== Segment start ==
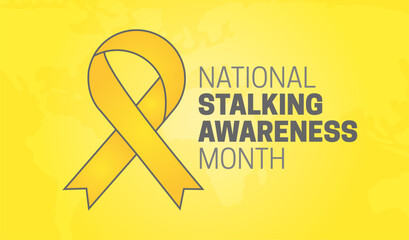 National Stalking Awareness Month Background Illustration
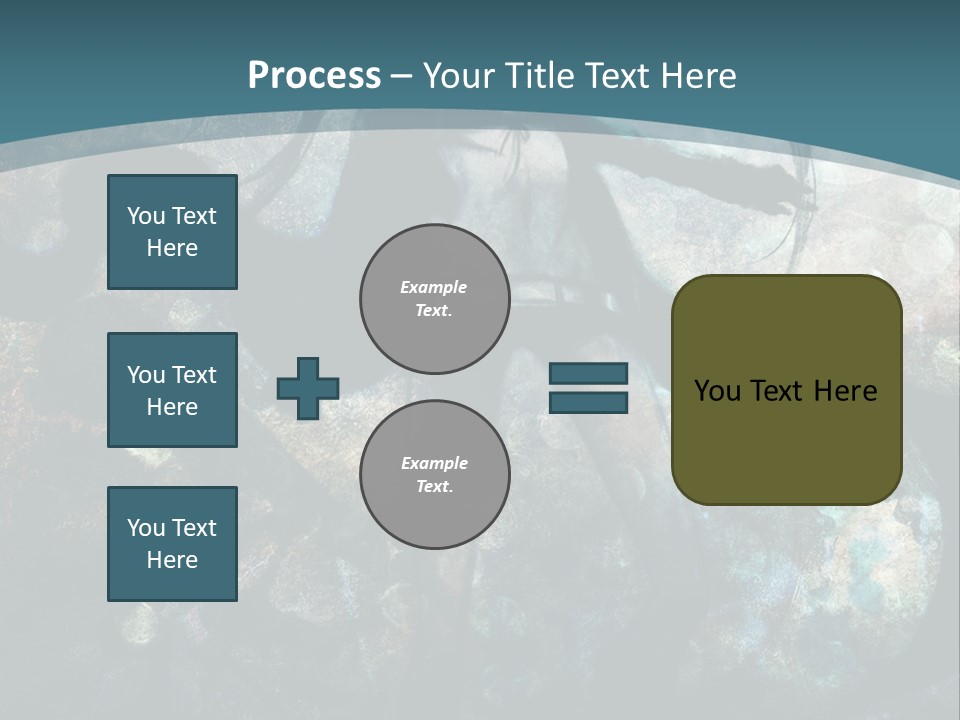 A Woman With Long Hair Standing In Front Of A Blue Background PowerPoint Template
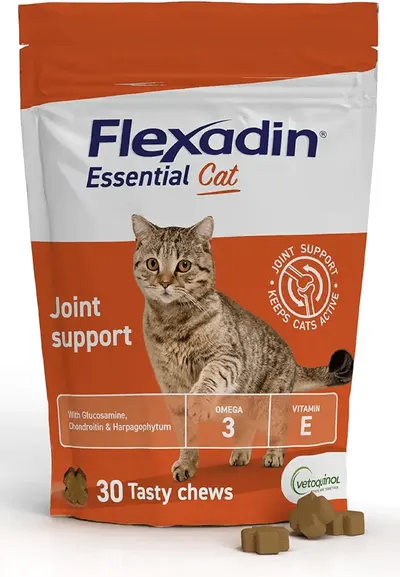 Main Images for Flexadin Essential Joint Care Supplement for Cats containing Glucosamine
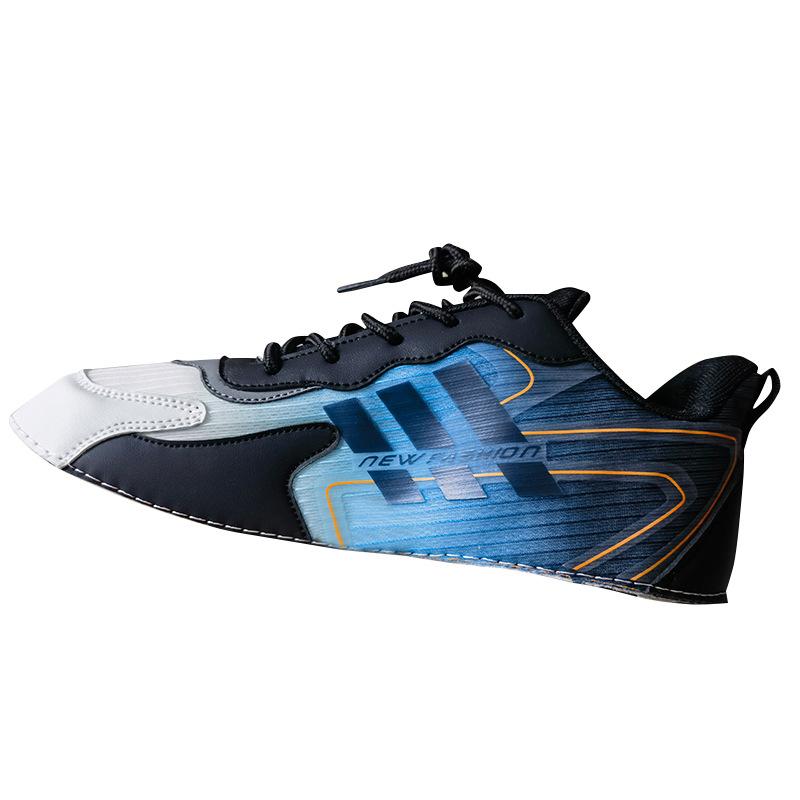 VAMPS popular spring and autumn color matching casual men's help surface, fish silk flying weaving work in progress upper shoes uppe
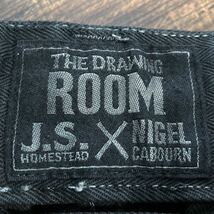 Nigel Cabourn × J.S.HOMESTEAD ナイジェルケーボン THE DRAWING ROOM ヘリンボーン ツイル ワイド ベイカー パンツ size.30 ダークグレー_画像6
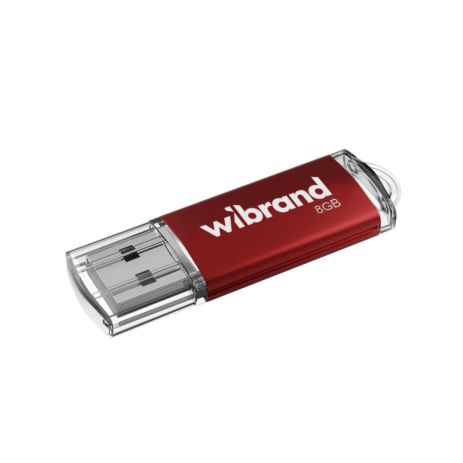 Флеш накопичувач USB Wibrand Cougar, USB 2.0, 8GB, Red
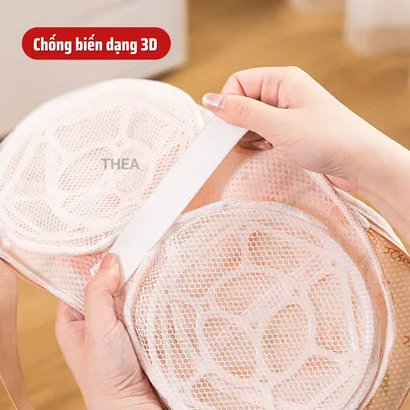 Túi lưới giặt đồ máy giặt, túi giặt đồ lót, áo ngực chống biến dạng, túi đựng giặt máy giặt đa kích thước  - THEA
== Segment end ==
> **Task to complete**
In the entries above, find the line that contains "Main Images for", then repeat exactly every line from the first one through that line, with no pictures.

> **Response area**
 National Stalking Awareness Month Background Illustration
 A Woman With Long Hair Standing In Front Of A Blue Background PowerPoint Template
 Main Images for Flexadin Essential Joint Care Supplement for Cats containing Glucosamine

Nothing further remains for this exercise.